The Ravenswood Investment Co., L.P. v. Winmill, et al.
Plaintiff, a significant stockholder in a holding company managed by the individual defendants, alleged, both on behalf of a class and derivatively, breaches of fiduciary duty regarding defendants' adoption of a stock buyback plan, their adoption of an options plan, issuance of the options to themselves, and the decision by the company to vote in favor of a transaction involving the sale of a subsidiary's interest in a third entity. At issue was whether the court should grant defendants' motion to dismiss pursuant to Court of Chancery Rule 12(b)(6) for failure to state a claim. The court denied defendants' motion to dismiss Count II only with regard to the claim that defendants' vote of Winmill & Co. Incorporated's ("Winmill") interest in Bexil Corporation in favor of the York Insurance Services Group, Inc. sale was self-interested and unfair to Winmill. The court otherwise granted defendants' motion to dismiss.

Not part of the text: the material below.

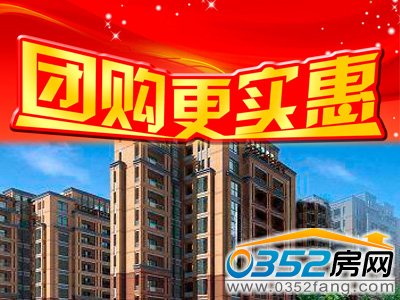 �F(tu��n)ُ(g��u)�ᳱ���u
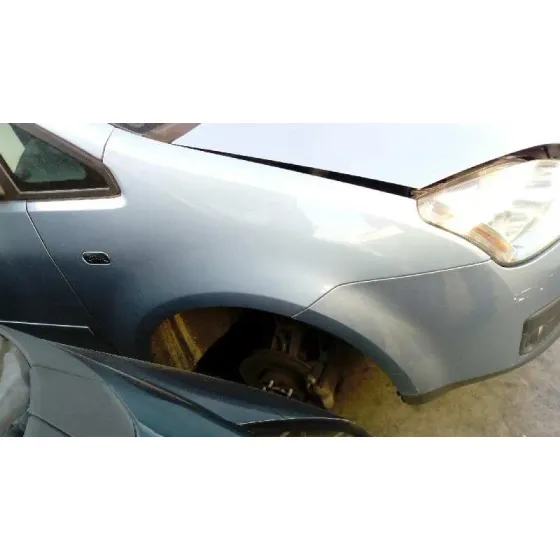 FORD FOCUS C-MAX (CAP) '2005 GHIA (D) AZUL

Knop, II, et al v. Mackall, Jr., et al
Plaintiff, a shareholder in Avenir Corporation ("Avenir"), brought a shareholder derivate suit naming Avenir and its three principal officers ("principals") as defendants and alleged that the principals engaged in various forms of financial misconduct as Avenir's managers. At issue was whether the district court properly granted attorney's fees for abuse of discretion to plaintiff where plaintiff originally filed in Superior Court and defendants removed the case to the U.S. District Court for the District of Columbia under 28 U.S.C. 1441, where Avenir's primary place of business was in D.C., and where the district court found removal improper under section 1441(b). The court held that the district court improperly awarded attorney's fees to plaintiff where Avenir was a nominal defendant and defendants' reasoning had at least some logical and precedential force behind it.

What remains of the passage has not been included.